M’s get one right in Chicago
CHICAGO – To a man, the Mariners want their fans to believe there is something different about this year’s team. One way to convince skeptics might be carrying out a little first-week exorcism inside their personal House of Horrors otherwise known as U.S. Cellular Field.
Mariners closer Tom Wilhelmsen understood the stakes Friday night as he fought to prevent a late meltdown in the 10th inning and held on for an 8-7 win over the Chicago White Sox.
Wilhelmsen was throwing his curveball all over the place and walking guys left and right, yet managed to strike out Tyler Flowers with the bases loaded and prevent a repeat of the late-game heartbreak so common here for Mariners teams.

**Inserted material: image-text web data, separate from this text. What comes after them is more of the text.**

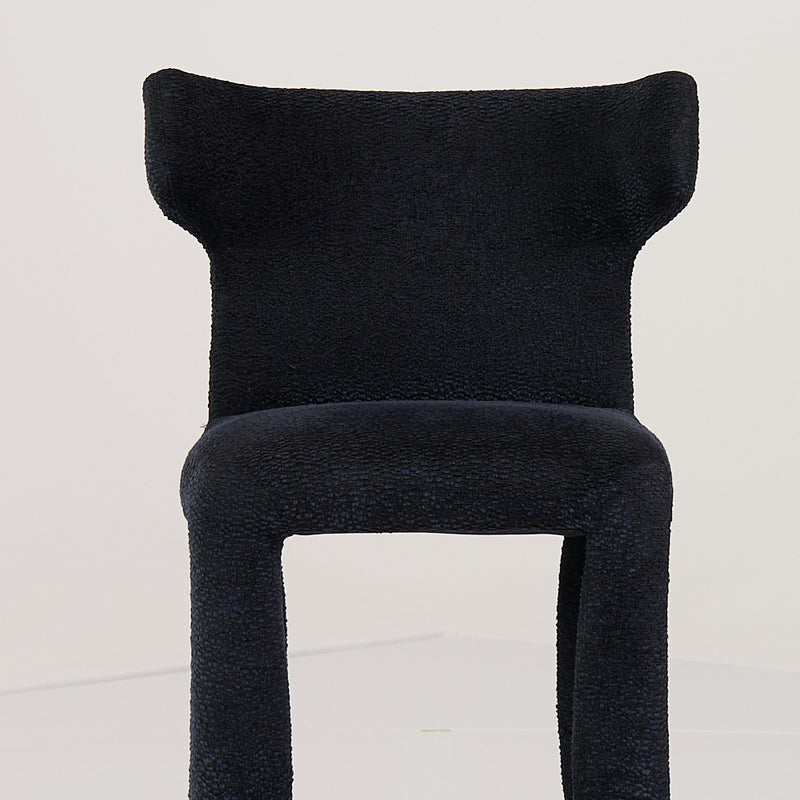Monster Chair (with Arms)-Detail Image-2
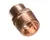 4730-401-11-01 Jackson alternate view 4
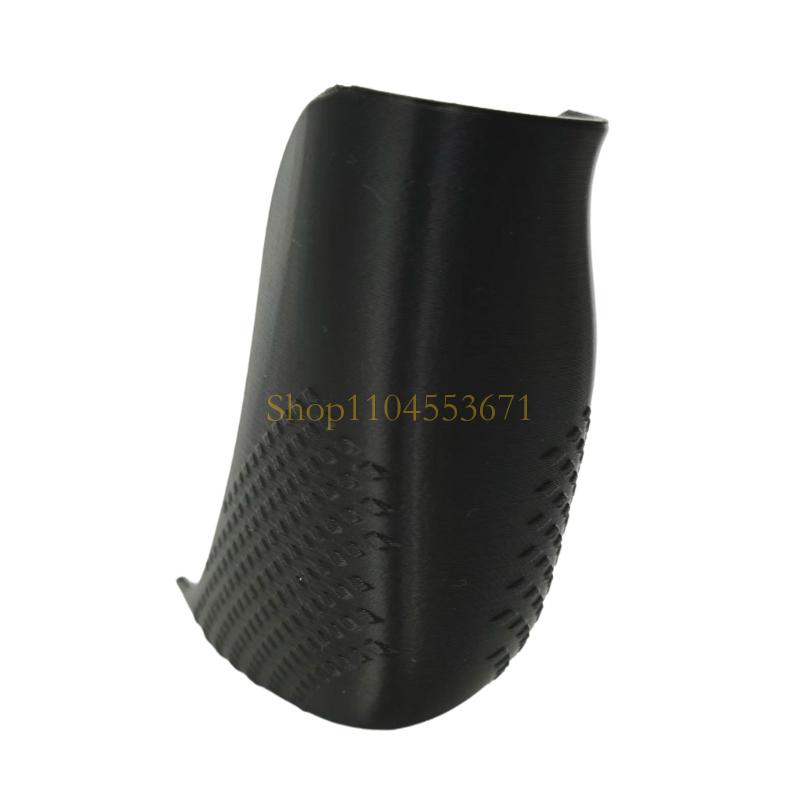 Pegangan Anti Selip Ergonomis  - Gaming Accessories Best ulasan dan harga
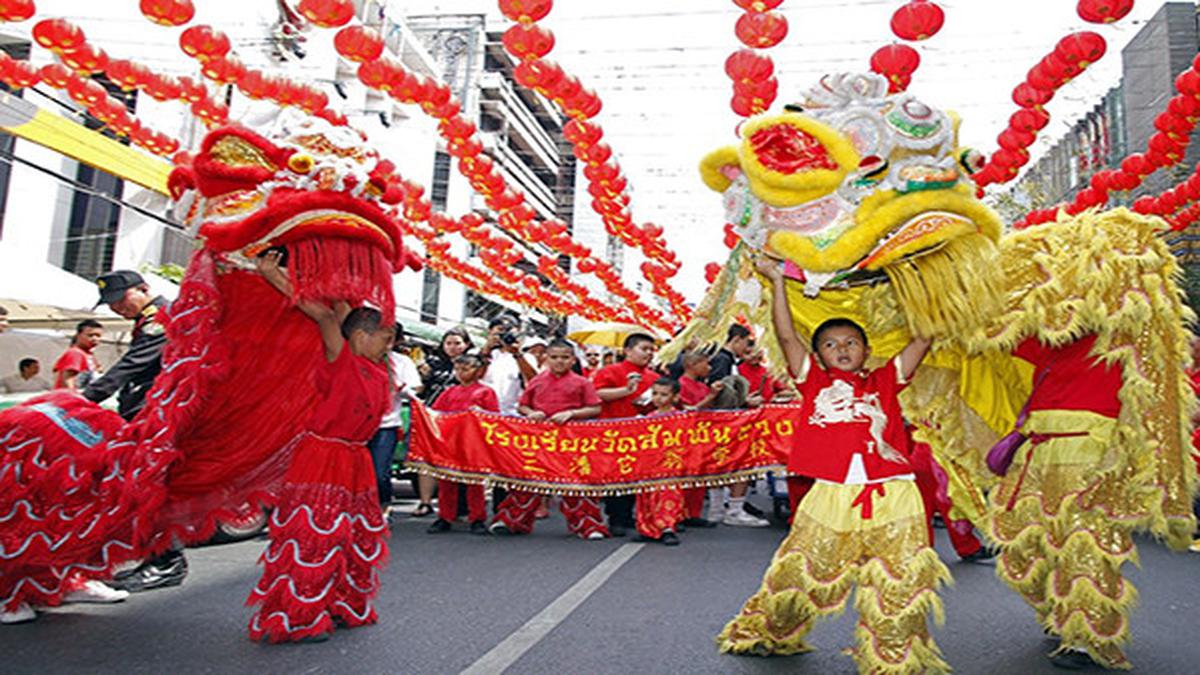 mengenal budaya china 1.jpeg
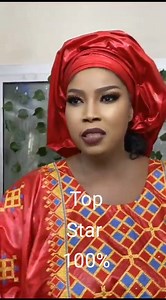 La star Adja Soumano Officiel Mme Diallo Dougouno Djeli Top star 100/100 %🎶🎵🎶 💚💛❤ | Top Star 100%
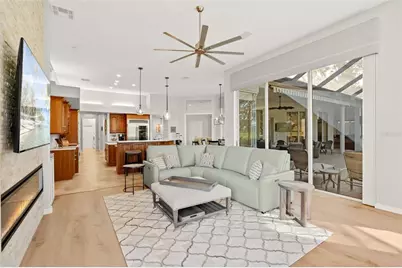 3194 Charles Macdonald Drive, Sarasota, FL 34240 - Photo 19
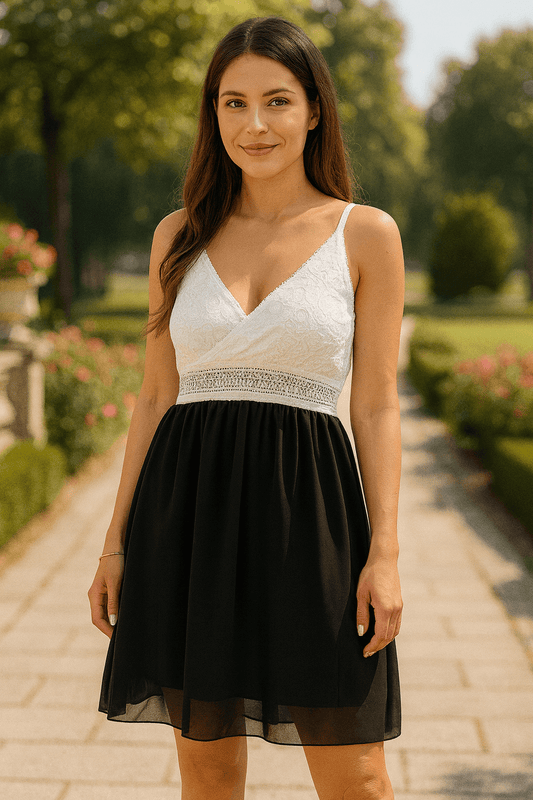 Robe Sophie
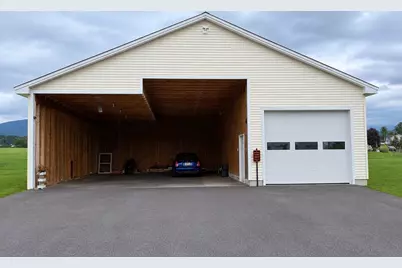 67 Airport Road, Haverhill, NH 03774 - Photo 7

“In a game like that, you’ve just got to buckle down and keep fighting,’’ Wilhelmsen said. “You can’t lose that game.’’
But the Mariners have lost those games in this ballpark before. A crowd of 15,312 seemed to sense another victory being snatched from the Mariners by the home side on a frigid night with the game-time temperature at 34 degrees – tied for the coldest start to a Mariners game in 25 years.
The salivating fans could sense a pending Mariners collapse after the White Sox began overcoming a 6-1, fifth-inning deficit on home runs by Alejandro De Aza and Alex Rios and later tied the score in the seventh.
They sensed it even after the Mariners scored twice in the 10th on a Kendrys Morales double and a Jesus Montero single to take a two-run lead. And they kept on sensing it as an erratic Wilhelmsen gave up a run in the bottom of the frame on a Dewayne Wise single, then walked Alexei Ramirez to load the bases.
And few could blame the fans for feeling that way. They’d already seen the Mariners squander an advantage held since the very first at-bat of the game, when Franklin Gutierrez took White Sox starter Jose Quintana over the right-field wall for his second leadoff home run this week. They’d seen Mariners starter Blake Beavan, who retired 11 of his first 12 batters without allowing a hit, give back most of a five-run, fifth inning that had come courtesy of a two-run double by Gutierrez and a run-scoring triple from Michael Saunders.
So, when Wilhelmsen could no longer throw a strike, most naturally assumed that the Mariners were about to find a way to lose for the 20th time in their last 23 games played here.
“I mean, I threw some curveballs today that were in the other batter’s box,’’ Wilhelmsen said. But despite all that, he wouldn’t allow himself a repeat of blown games past at this park by M’s closers, set-up men and starters alike.
“It was just bear-down time, really,’’ Wilhelmsen said of his three-pitch strikeout of Flowers. “That’s something, I guess, that you’ve just got to find in yourself.”